A character is an abstract notion, like "Latin capital letter A".
A character repertoire is a collection of characters - like "Latin
upper-case letters". Different languages require different character
repertoires.
A character set is an ordered, numbered character repertoire. ISO 8859-1
is one such character set, assigning numbers 0-255 to 256 characters. Its
repertoire covers nearly all of the characters needed for western European
languages like French, Spanish, German, and Italian, as well as English,
Icelandic, Swedish, Norwegian, and Dutch. There are other ISO 8859
character sets that cover characters needed by other languages like
Turkish, Polish, Greek, Russian, Hebrew, and Arabic.

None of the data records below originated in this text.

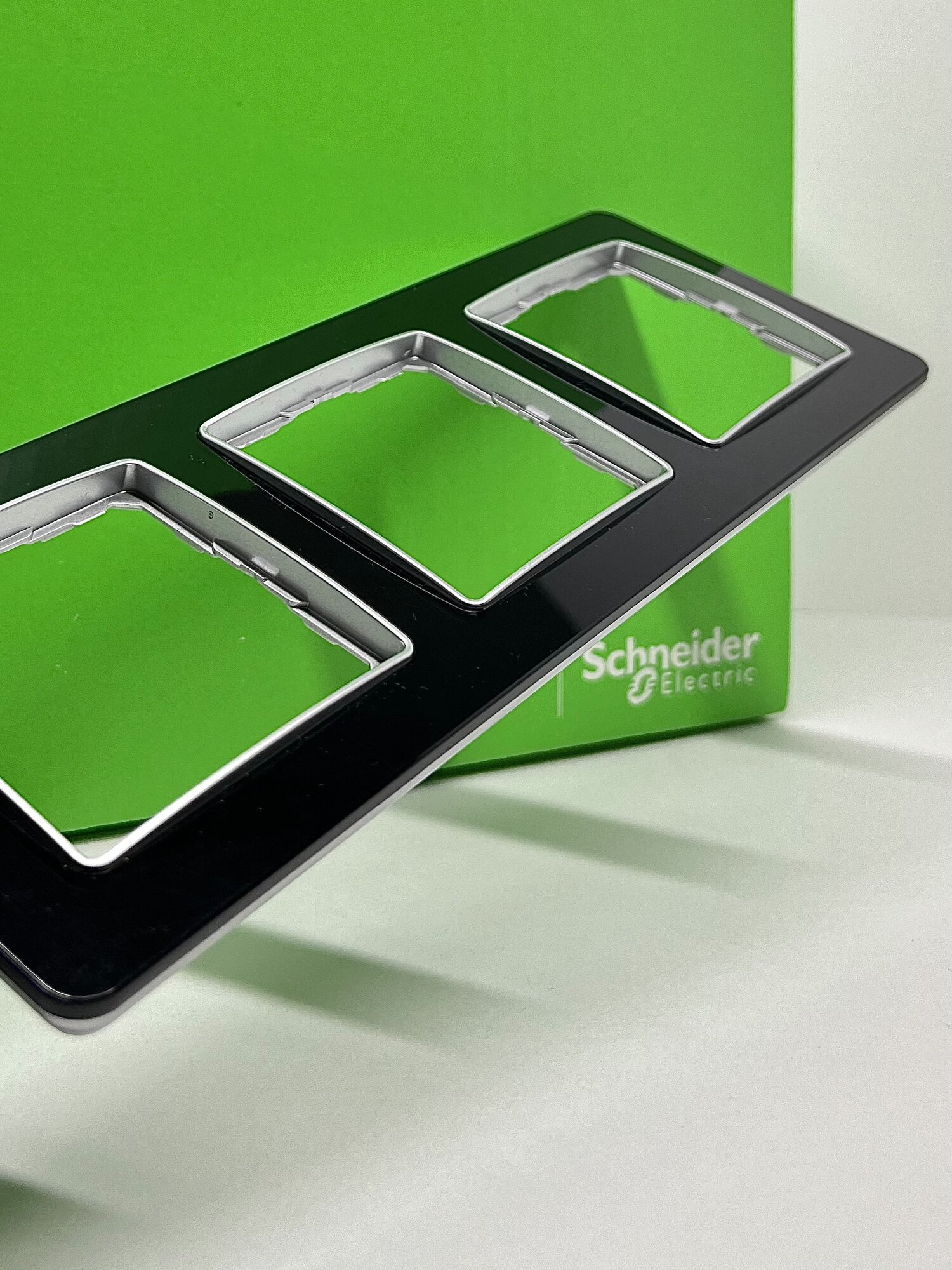 Рамка 3-постовая универсальная Schneider Electric Sedna Design, черное стекло SDD361803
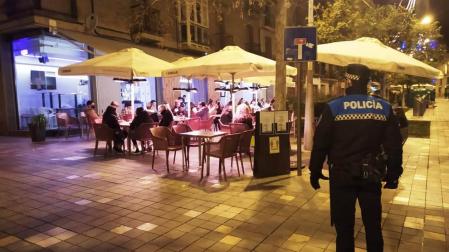 Denunciado el dueño de un bar por insultar a los agentes y arengar a los clientes en contra de la Policía
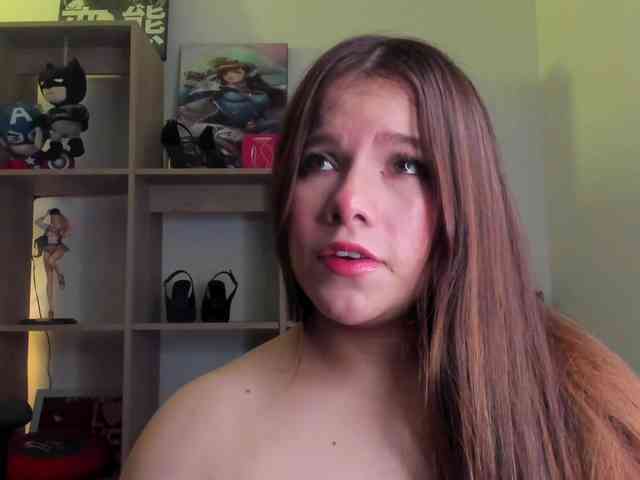 Mia_Moralez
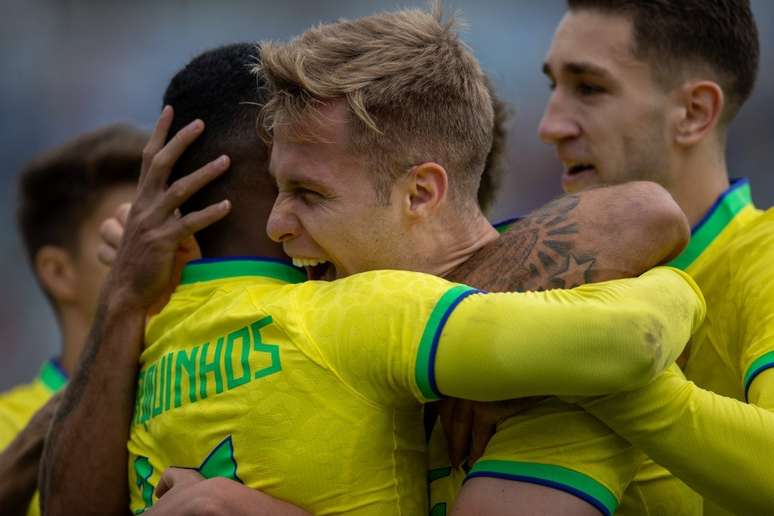 JOGOS PAN-AMERICANOS l FUTEBOL MASCULINO l BRASIL VENCE O MÉXICO POR 1 A 0  E VAI DISPUTAR O OURO 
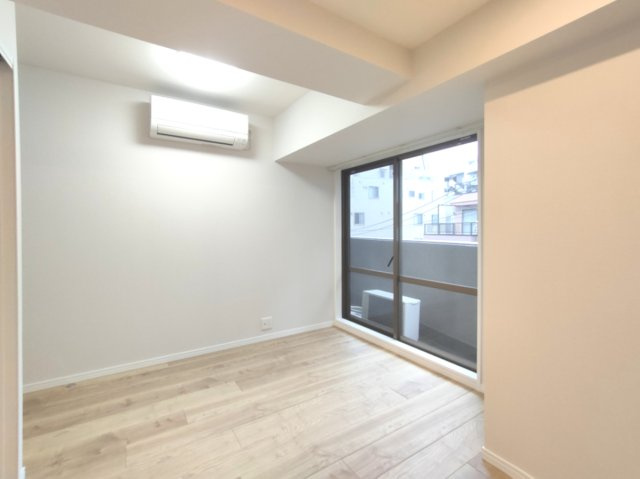 【洋室約5.5帖】　収納力がたっぷりのこちらのお部屋は主寝室向き。出かける準備や大切なお荷物を保管したりと便利にお使いいただけます。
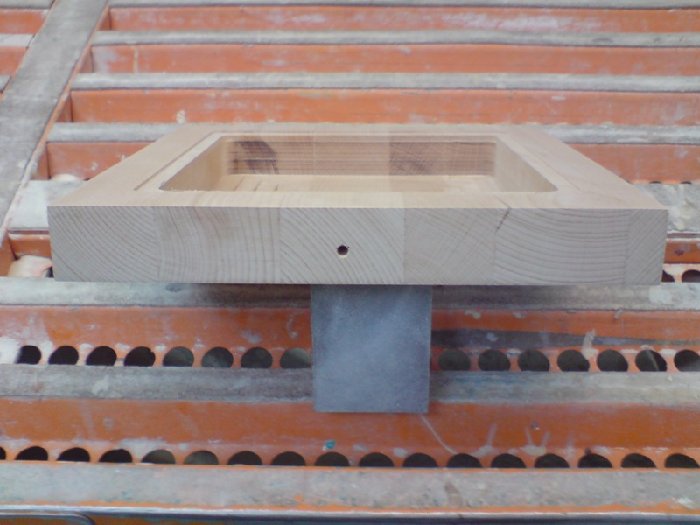 bohrungaußen.JPG (145.64 KiB) 8806 mal betrachtet Bohrung für die Stromversorgung. Ansicht von außen.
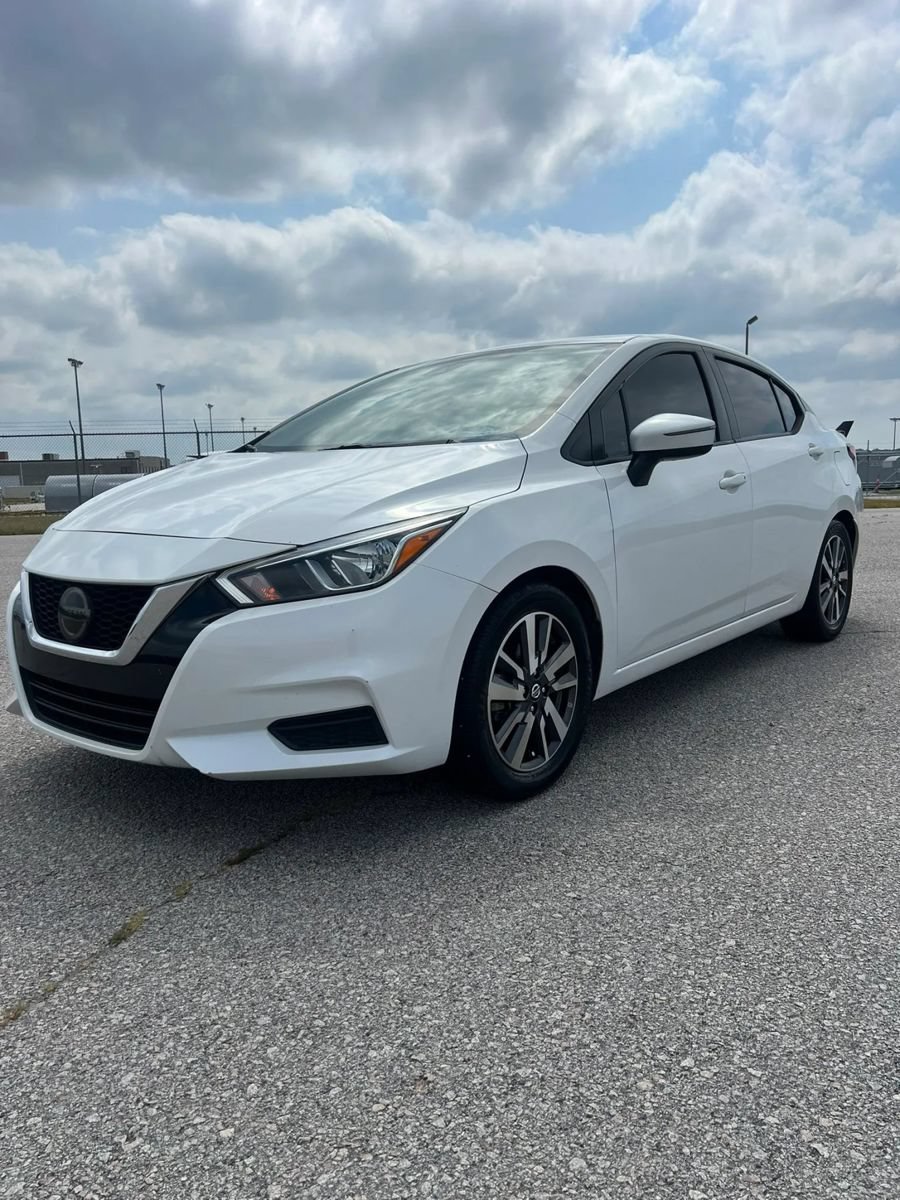 Used 2020 Nissan Versa SV w/ Electronics Package FWD image 3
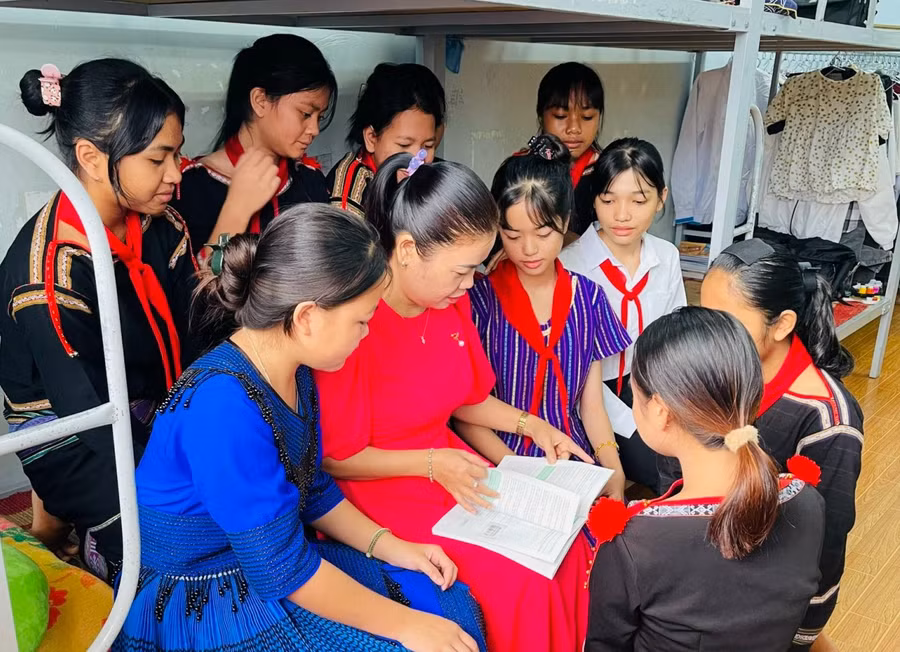  Cô Hoàng Thị Bảy cùng học trò của mình. Ảnh NVCC.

Unicode is also a character set. It assigns the numbers 0 - (2^32)-1 to a
whole lot of characters. Its repertoire includes all of the characters
covered in other national and International Standards, including all of the
ISO 8859 sets.
An encoding is a mapping of bit patterns to a character set. UTF-8 and
UTF-16 are encodings of Unicode. In a sense, ISO 8859-1 and its kin are
also encodings of Unicode, but ones that can not represent all of the
characters.
In short: Unless you are working in Klingon, Minbari, or Silvestri, Unicode
covers the characters you need in its repertoire. UTF-8 and UTF-16 are
both capable of representing all of the characters in Unicode. All XML
parsers are required to read UTF-8 and UTF-16 data.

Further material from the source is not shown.